En luttant contre les barons de la drogue, la Colombie a permis le développement du tourisme et ouvert ses portes aux prédateurs étrangers. Le pays d'Amérique latine doit faire face à un nouveau fléau : le tourisme sexuel infantile.

Si la prostitution est légale en Colombie, le gouvernement s’est récemment attaqué au fléau qui ronge le pays : la prostitution infantile. À Bogota, une brigade policière spéciale a été créée pour débusquer les touristes s’attaquant aux plus jeunes. La tâche est difficile face à des familles démunies, pour qui la prostitution est parfois vécue comme une sorte de fatalité.

En octobre 2013, Margarita de Jesus Zapata Moreno, une mère de famille issue de la classe populaire, a été arrêtée, alors qu’elle prostituait 12 de ses 14 enfants, et vendait à prix d’or la virginité de ses filles. L’une d’elles, enceinte à 14 ans d’un homme de 51 ans, a dénoncé l’effrayante machination et l’enfer que sa mère lui faisait subir.

Mais c’est Carthagène des Indes, sur la côte caraïbe, qui est la plus touchée par le commerce de la misère. Sa baie immense dans laquelle se jette le Rio Magdalena et son port moderne font de Cartaghène la vitrine dorée de ce pays à la réputation sulfureuse. La haute société colombienne y possède de somptueuses maisons, noyées dans une luxuriance tropicale et parfumée.

Le gouvernement colombien y a même fait construire trois centres de convention afin d’y accueillir les rencontres les plus importantes d’Amérique  latine, comme le forum économique pour l’Amérique Latine en 2010. Mais à l’ombre des hôtels de luxe à 300 dollars la nuit, la misère s’étale.

Un terrain de prédilection pour le tourisme sexuel

Sur les plages de la côte nord, les plus belles et les plus courues du pays, le tourisme sexuel fait rage. Les touristes à la recherche de jeunes en mal d’argent affluent, profitant de la fragilité d’une population, dont 40 % vit sous le seuil de pauvreté.

Le tourisme sexuel, national et international, trouve un terrain de prédilection dans cette ville, qui abrite au-delà de ses remparts, un grand nombre des 4,5 millions de personnes déplacées dans le pays en quasi guerre civile dans plusieurs provinces.

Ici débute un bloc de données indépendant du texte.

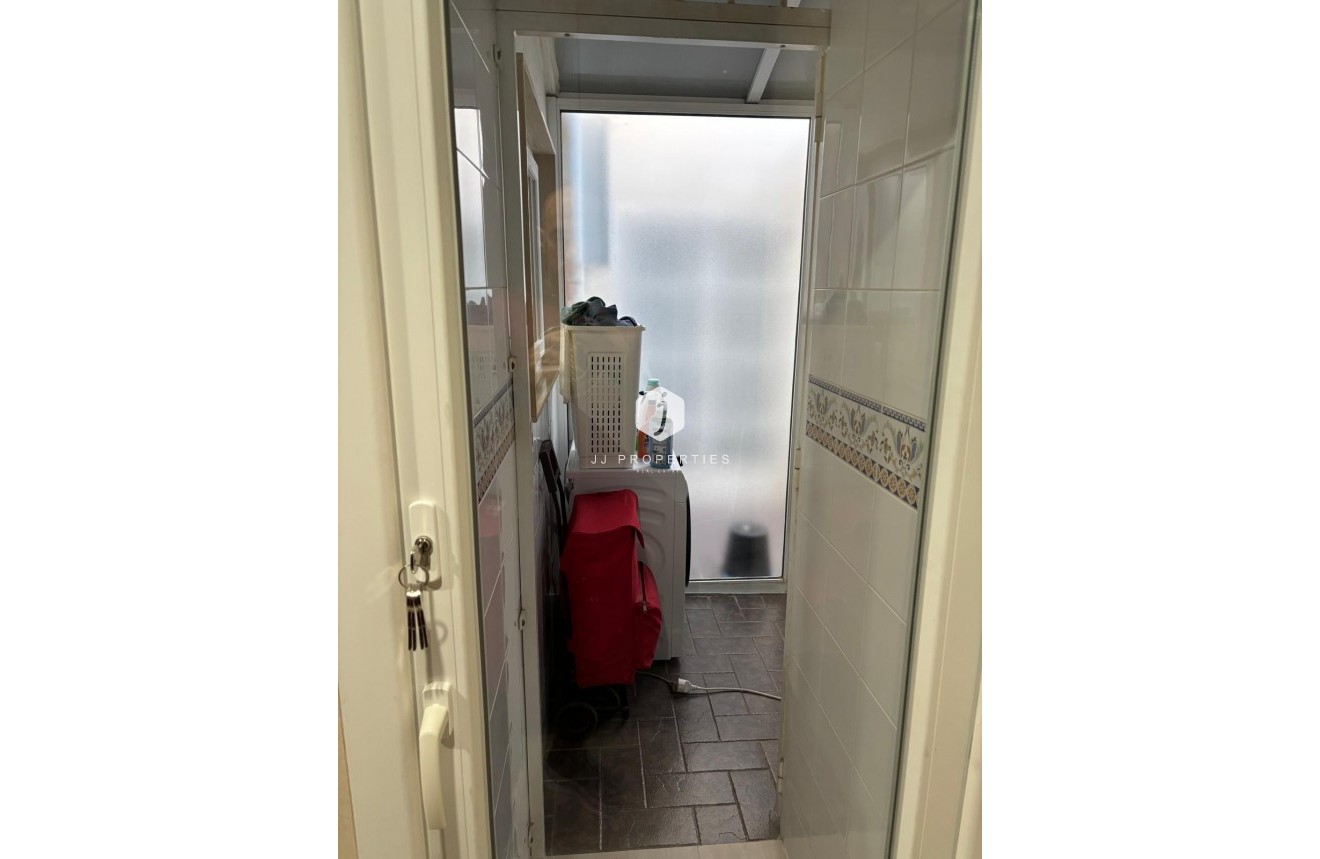 Tweedehands - Appartement / flat -
Torrevieja - Centro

Aidée par l’Unicef et le gouvernement canadien, la fondation Renacer (Renaître) a décidé de tout mettre en œuvre pour faire cesser l’exploitation dont est victime cette jeunesse. "Nous ne pouvons pas laisser ces enfants dans la rue, ici en Colombie, personne ne prend soin de vous quand vous êtes pauvre, perdu, sans ressource. Leur seule chance, c’est nous", explique Irma, l’une des directrices de la fondation. "Ils sont souvent très violents quand ils arrivent, menaçants, ils sont en colère dans le fond. Dans la plupart des cas, on arrive à les sortir de cette misère. Mais les places sont trop peu nombreuses pour les prendre tous", regrette-t-elle.

"La muralla, Soy Yo !"

Dans le quartier La España, dans la banlieue de Carthagène, le foyer de la fondation Renacer accueille en permanence une trentaine de jeunes, tous victimes d’abus sexuels. Certains sont très jeunes, comme Anita, qui ne semble pas avoir plus de 12 ans et tous ne parlent que l’espagnol. Certains répètent des phrases en anglais apprises par cœur pour aguicher les touristes : "Sucky, sucky, sexy, sexy." L’endroit est petit, et ressemble plus à une prison qu’à un foyer, mais il permet de sécuriser un temps ces jeunes. "Les enfants cherchent une porte de sortie, un moyen de se faire de l’argent facilement mais aussi quelqu’un qui s’occupera d’eux" regrette Irma.

Depuis 2008, le projet "La Muralla, soy Yo" [La muraille, c’est moi, NDLR], en référence aux remparts de la vieille ville, tente de faire de chaque habitant travaillant dans le tourisme un rempart contre l’exploitation sexuelle des enfants. En adhérant à ce plan de protection, un hôtel 5 étoiles du centre a accepté de dénoncer tout comportement suspect aux autorités.

En plus de ce pacte, Irma, assistée d’un avocat, fait du porte-à-porte dans cette ville du Nord pour sensibiliser la population à ce fléau, et prévenir des risques encourus par les commerçants qui se rendraient complices de proxénétisme de mineurs.

Premières condamnations, premières victoires

En 2010, c’est un Italien, Paolo Pravisani, qui a été condamné à 16 ans de prison pour pornographie, proxénétisme et relations sexuelles avec un mineur. "C’est un pas important. Cela démontre la bonne volonté des autorités judiciaires qui sont de notre côté", se félicite Mayerlin Perez, une des directrices de Renacer à Carthagène. Car cela n’a pas toujours été le cas. "Soit les coupables n’étaient jamais poursuivis, soit les peines n’étaient pas appliquées.

"Aujourd’hui les choses ont changé et la Colombie détient une législation robuste en matière de droits de l’enfant. Reste que dans certaines parties du pays, les groupes armés paramilitaires ou les guérillas rendent son application impossible, et encouragent eux-mêmes la prostitution des plus jeunes" rapporte Tariq Kahn, représentant de l’agence canadienne pour le développement en Colombie.